Round thee, time-honoured Ruin! many a vine
In all its freshness and its beauty clung,
And in the breeze full many a lengthening line
Of young plants wav'd, on thy green purlieus hung.
Thou stood'st in rugged grandeur there alone,
Midway between the present and the past,
And told of deeds and characters unknown
To all the world-thou Mansion of the Blast!

In all thy wanderings thou didst bear along,
O Ancient Palmer! folded round thy brow,
Names never nam'd in oral tale or song,

Save when from thee their varied histories flow!
Thou, hoary chronicler ! canst tell a tale

Of each particular lock that crowns thy head,

Why one did prosper and another fail

Who dwells on earth-who slumbers with the deal.

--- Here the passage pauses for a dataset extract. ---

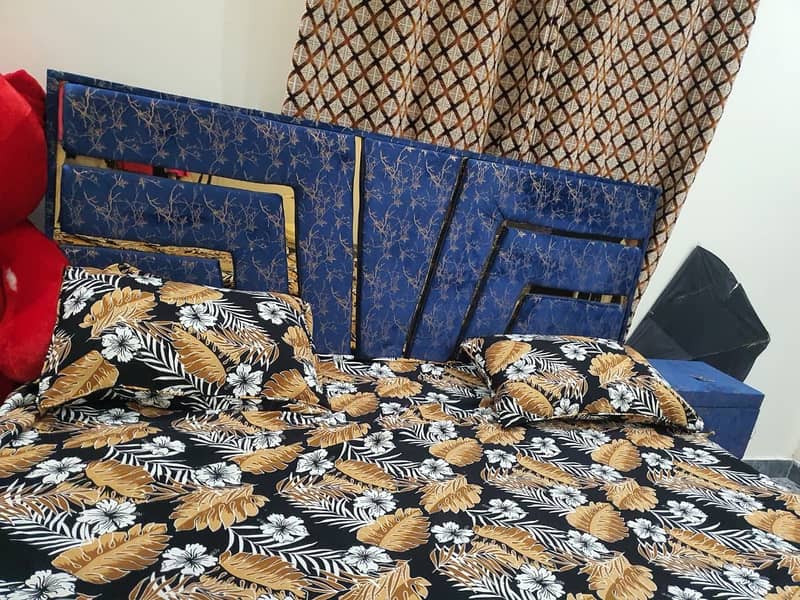 Bed end side tables 3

And oft, amid the long, long desert plain
Of solitary Basea thou hast stood,

When midnight frown'd in lone meridian reign
O'er nature's dim and awful solitude,

And figures wild and shapes grotesque of Turk,
Arab, Greek, Persian flitted round the fire,
Like elves and fairies-wizard's magic work,
Or thy creations--Genius of the Lyre!

There thou hast stood in that romantic light,
Like some old prophet in the Delphian wood,
And told thy magic tales, while eyes gleam'd bright
Around thee, like thick star-beams on the flood,
While from thy inmost heart in torrents gush'd
The deep pent stream of long collected thought.—
Electric silence on wan brows sat hush'd,
And rapture quiver'd o'er what terror wrought.

The maniac lover, reverenc'd as a god,
The warrior, slain in battle's lightning shock,
The poet, raised to Indra's bright abode,
And the meek shepherd of the wandering flock-
-All from thy lips receiv'd appointed praise,
As thou unfoldedst memory's scroll to view,
And spake the story of their mortal days
In words that glow'd like morning's rosy dew.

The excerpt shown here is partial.